So you boast great technical knowledge and sales skills, but your appointment book during an average week looks half-empty. What’s the problem? If you’re like a lot of agents, then you’re not logging enough quality time on the phone.
So noted Gail Goodman, CEO at ConsulTel, White Plains, N.Y, and one of the main platform speakers at this year’s Sales Mastery Forum, held here last month. The annual event, now its in third year, is sponsored by The National Underwriter Company and The Hoopis Performance Network.
“Agents fail in this business chiefly because of a lack of [phone] activity,” said Goodman. “This boils down to 2 critical things: having people to call, and getting on the phone to set up face-to-face appointments that create opportunities for a sale.”
To be effective on the phone, agents also have to be prepared. To that end, said Goodman, producers need to “psych” themselves up mentally, if necessary by acting as if they “love” dialing (or, to borrow from a sales industry maxim, ‘fake it until you make it.’).
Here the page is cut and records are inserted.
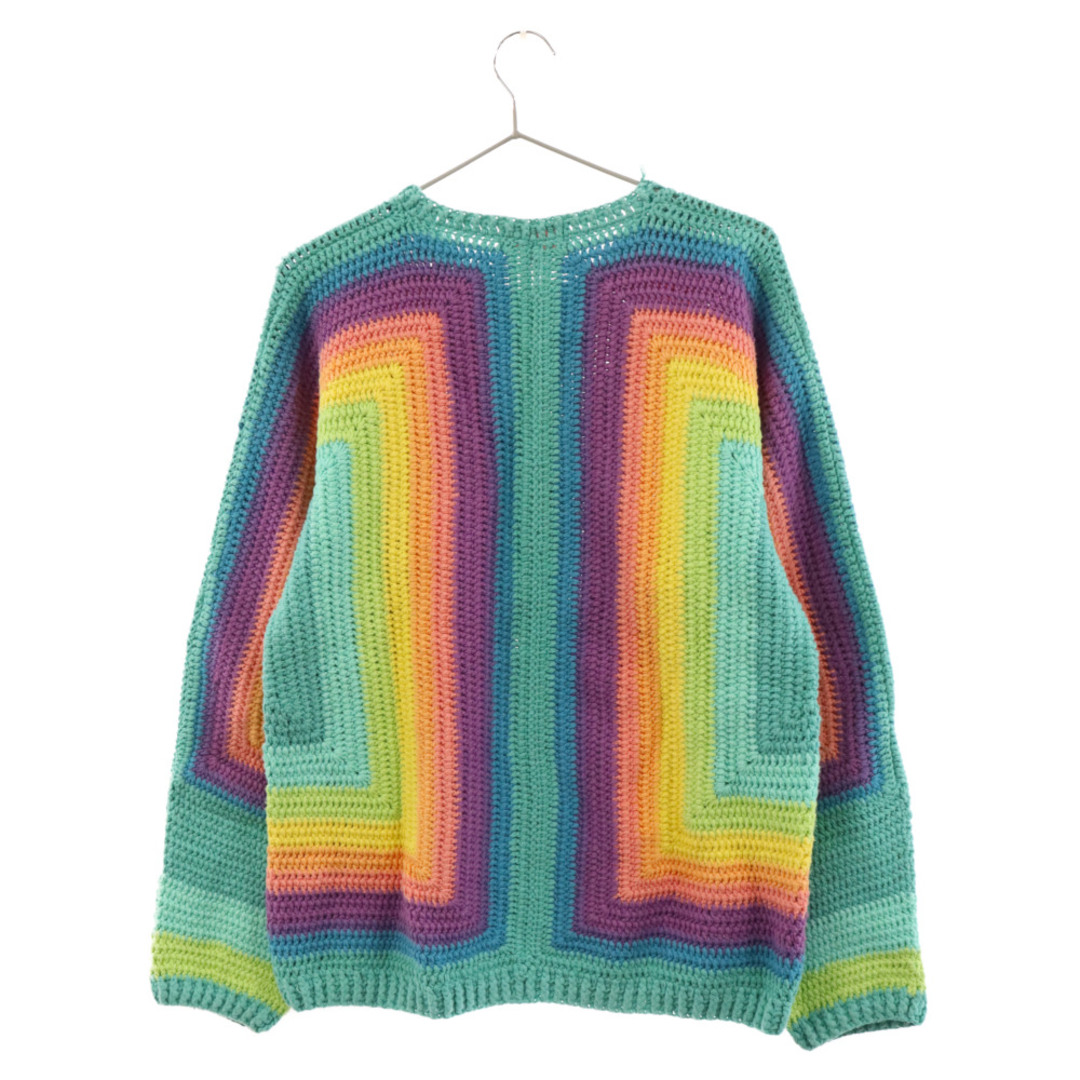 SUPREME シュプリーム 22SS Hand Crocheted Sweater ハンド クロシェットクルーネックニットセーター マルチカラー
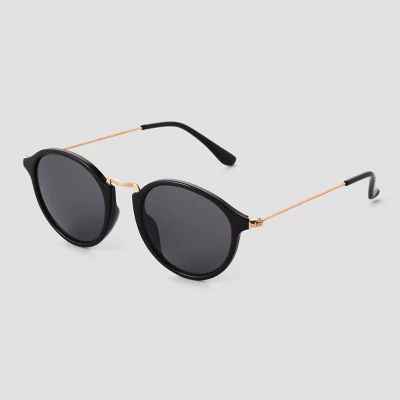 Women's Metal Round Sunglasses - Universal Thread™ 3 Women's Metal Round Sunglasses - Universal Thread™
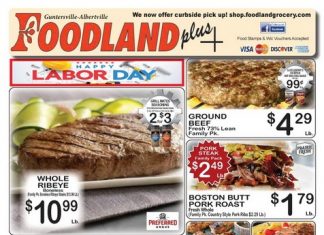 Foodland(US) Weekly Ad Aug 26 – Sep 01, 2025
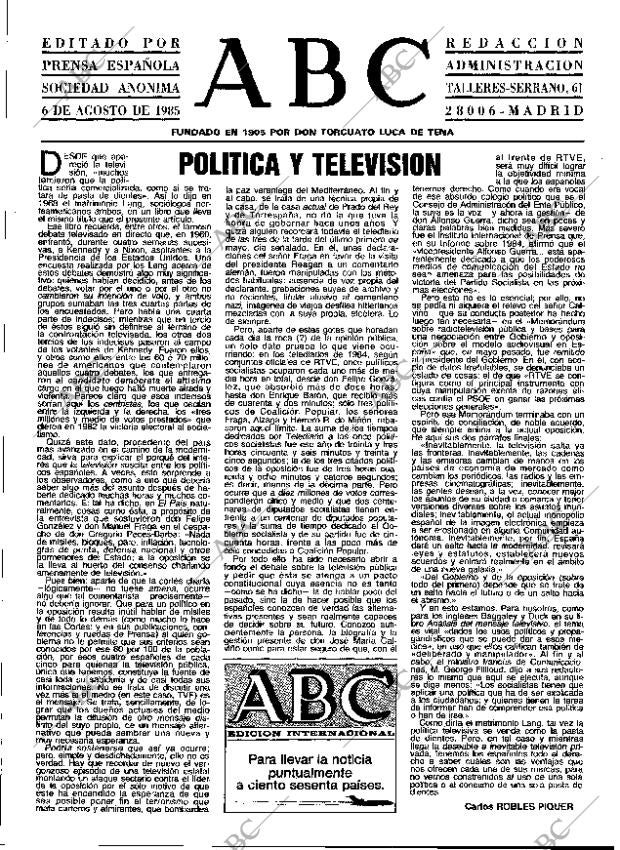 ABC MADRID 06-08-1985 página 3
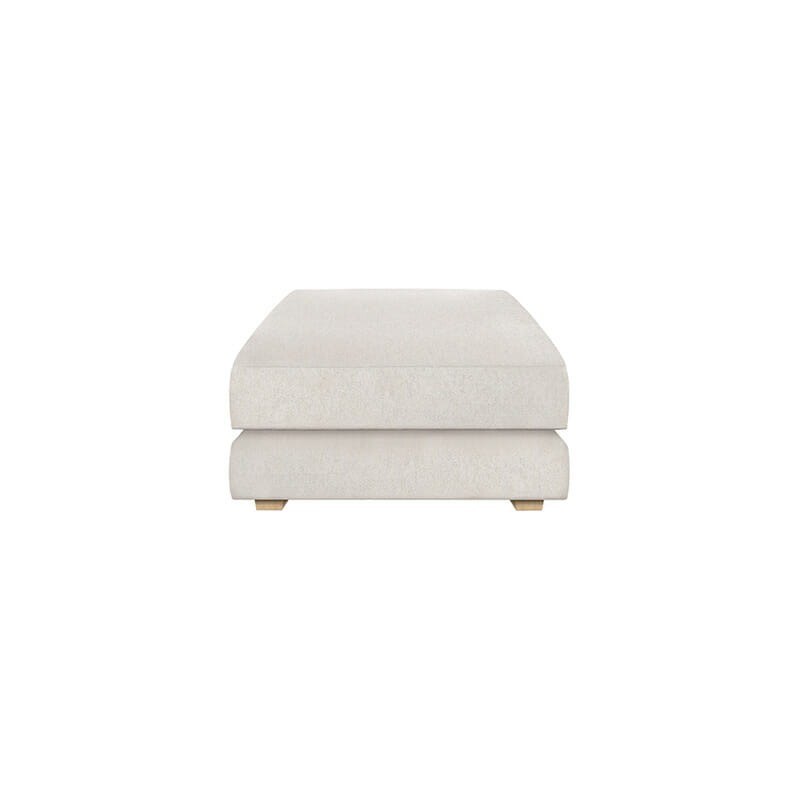 Reiss Ottoman by Olson and Baker - Designer & Contemporary Sofas, Furniture - Olson and Baker showcases original designs from authentic, designer brands. Buy contemporary furniture, lighting, storage, sofas & chairs at Olson + Baker.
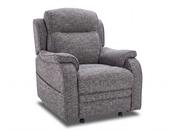 Boston Power Rise and Recline Armchair Waffle Slate image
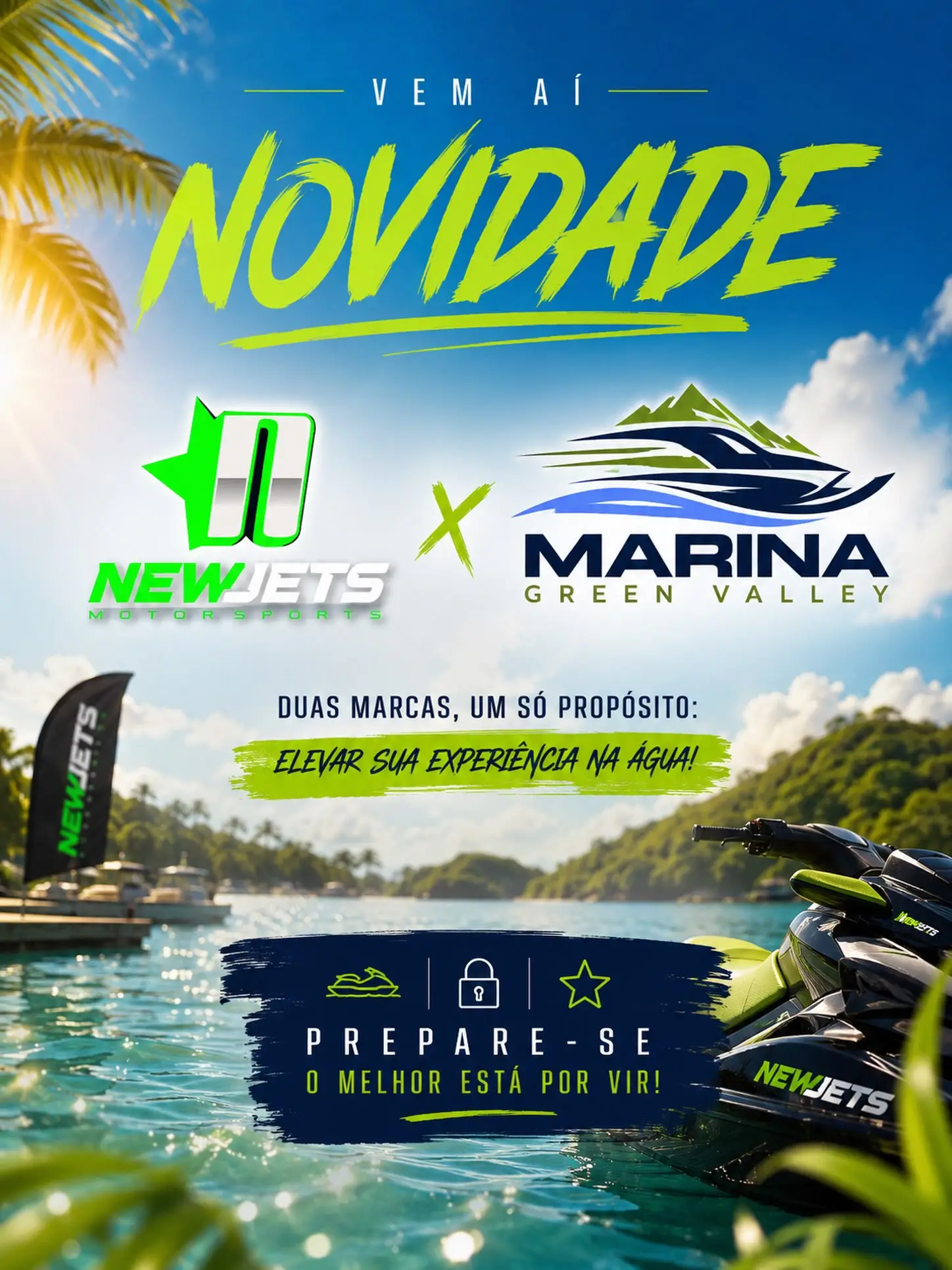 Novidade Nas Águas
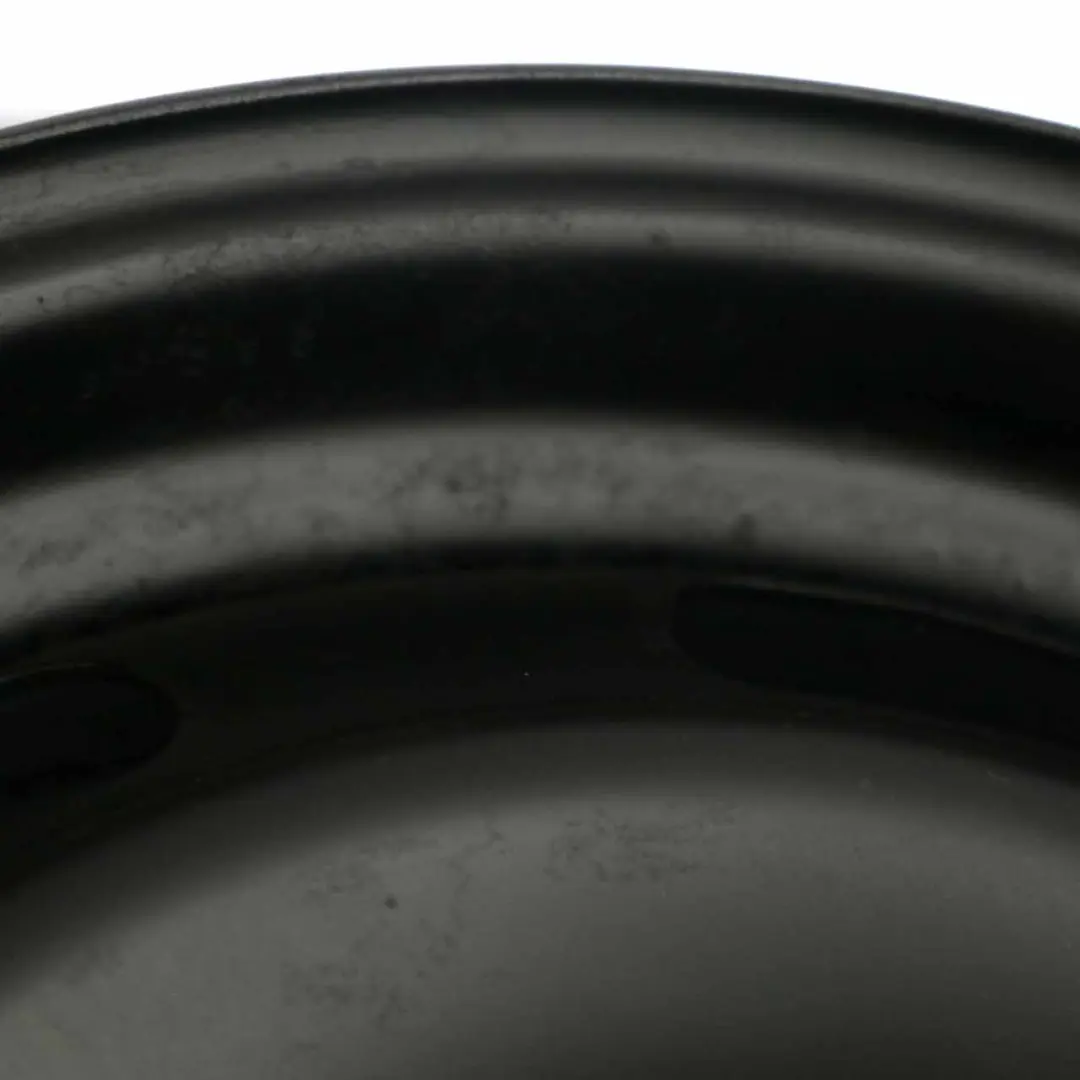 Peugeot 308 Citroen C4 Black Steel Rim Wheel 6.5J 15'' ET:38 - SKU KBA43816 - Part number KBA43816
To help with the mental preparation, agents should keep “happy food” (such as chocolate) on hand; take 5 minutes before phoning to relax or unwind; and keep their desks free of post-it notes and other distractions.
Key to actually getting the appointment is knowing what to say to prospective clients–and knowing how to say it. Too many agents, said Goodman, use their selling skills when they should be using their phone skills. She attributed part of the blame to the insurers they work for, who tend to over-emphasize sales skills during training. At some firms, she said, the ratio of sales training to phone training is 100 hours to 1.
An additional problem flagged by Goodman is agents’ failure to regularly schedule phone time and to track their call activity. That can have long-term consequences, she noted, as leads pursued today may not yield an appointment, much less a sale, for several months.
“The leads you have now are hopefully going to create money that you’ll see and have around the holiday season,” said Goodman. “So why are you not scheduling as much time in your book [for phoning] as you are for fixing client appointments?”